_WHAT YOU ARE ASKED TO DO_.
There is material below. Print exactly the lines starting at the line with "writer with a stack of books emoji" and ending at the line with "Crossbow flat icons", ends included, and no others.

_PROVIDED INFORMATION_.
^^^^^^^^
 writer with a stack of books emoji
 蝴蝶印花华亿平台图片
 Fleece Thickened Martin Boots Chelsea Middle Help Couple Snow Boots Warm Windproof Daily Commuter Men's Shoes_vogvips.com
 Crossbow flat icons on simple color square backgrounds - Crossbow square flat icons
^^^^^^^^
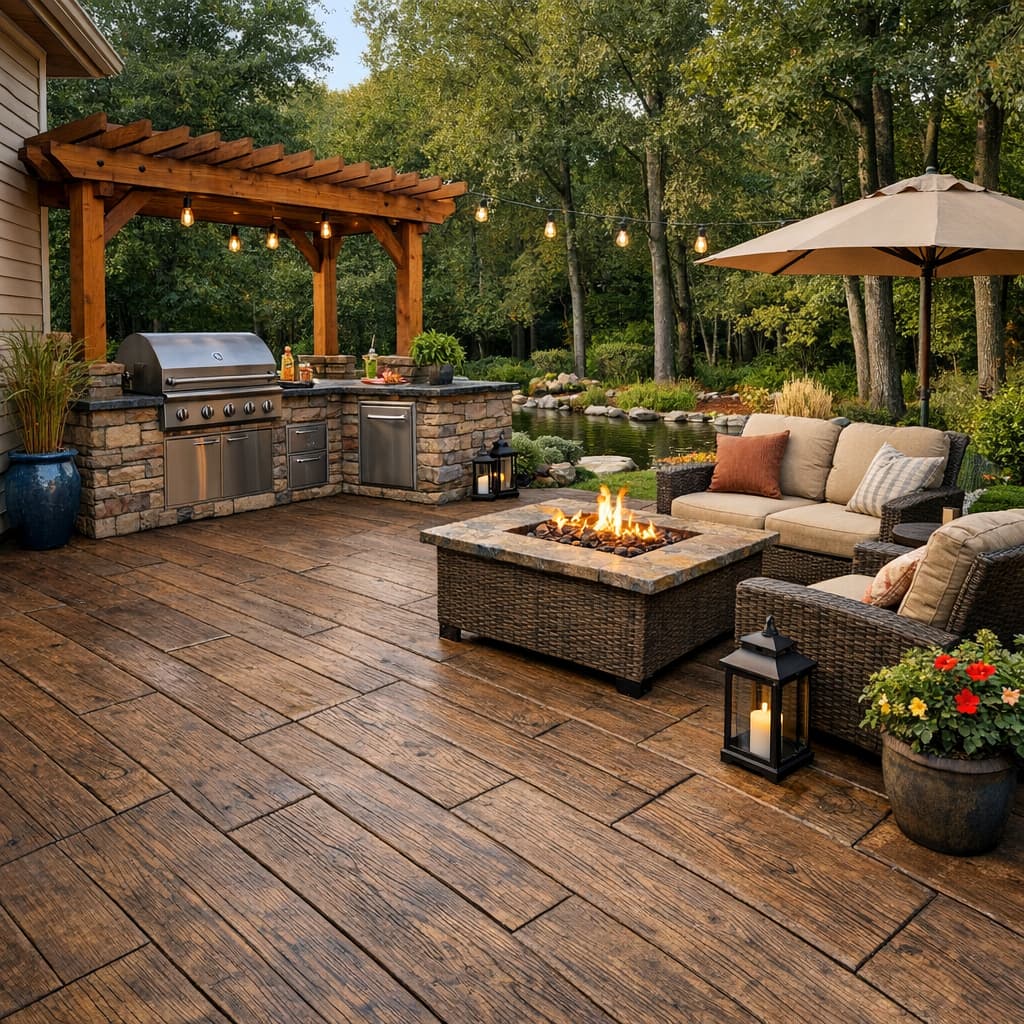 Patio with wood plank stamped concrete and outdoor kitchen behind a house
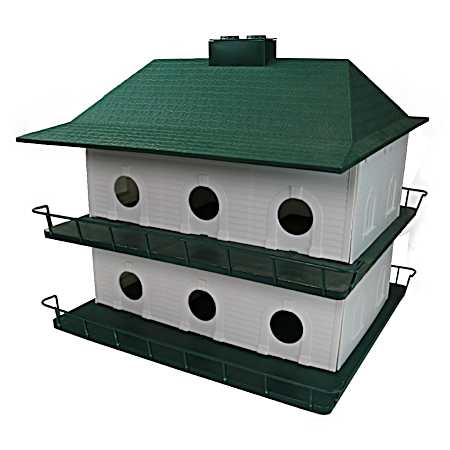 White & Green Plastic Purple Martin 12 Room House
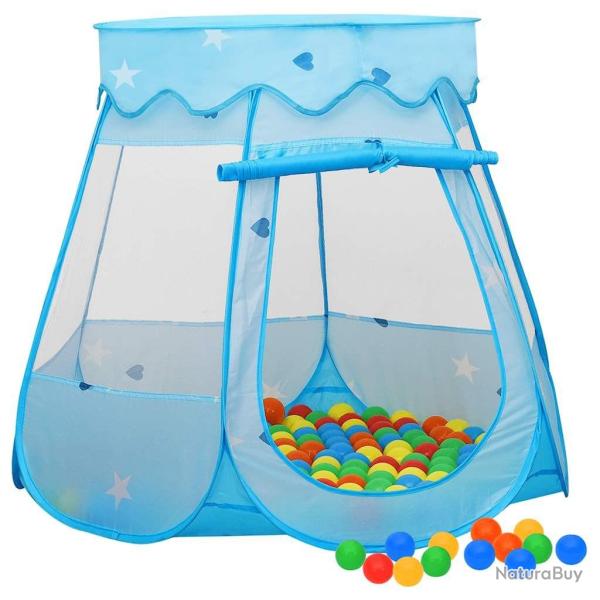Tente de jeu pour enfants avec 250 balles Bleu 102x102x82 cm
^^^^^^^^
_REPLY TO THE EXERCISE_.
 writer with a stack of books emoji
 蝴蝶印花华亿平台图片
 Fleece Thickened Martin Boots Chelsea Middle Help Couple Snow Boots Warm Windproof Daily Commuter Men's Shoes_vogvips.com
 Crossbow flat icons on simple color square backgrounds - Crossbow square flat icons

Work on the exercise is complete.